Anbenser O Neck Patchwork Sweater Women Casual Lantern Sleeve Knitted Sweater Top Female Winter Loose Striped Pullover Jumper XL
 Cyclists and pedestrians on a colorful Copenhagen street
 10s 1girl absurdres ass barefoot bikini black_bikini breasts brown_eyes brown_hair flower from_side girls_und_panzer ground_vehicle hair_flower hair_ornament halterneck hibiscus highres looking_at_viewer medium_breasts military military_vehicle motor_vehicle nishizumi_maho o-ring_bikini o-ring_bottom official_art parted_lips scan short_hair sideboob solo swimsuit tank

◆ ◆ ◆ ◆ ◆

### WHAT YOU ARE ASKED TO DO
Please transcribe, exactly and with nothing added, the lines from the first line of the material above through the line that contains "Cyclists and pedestrians".

### ANSWER FOR THE TASK
Anbenser O Neck Patchwork Sweater Women Casual Lantern Sleeve Knitted Sweater Top Female Winter Loose Striped Pullover Jumper XL
 Cyclists and pedestrians on a colorful Copenhagen street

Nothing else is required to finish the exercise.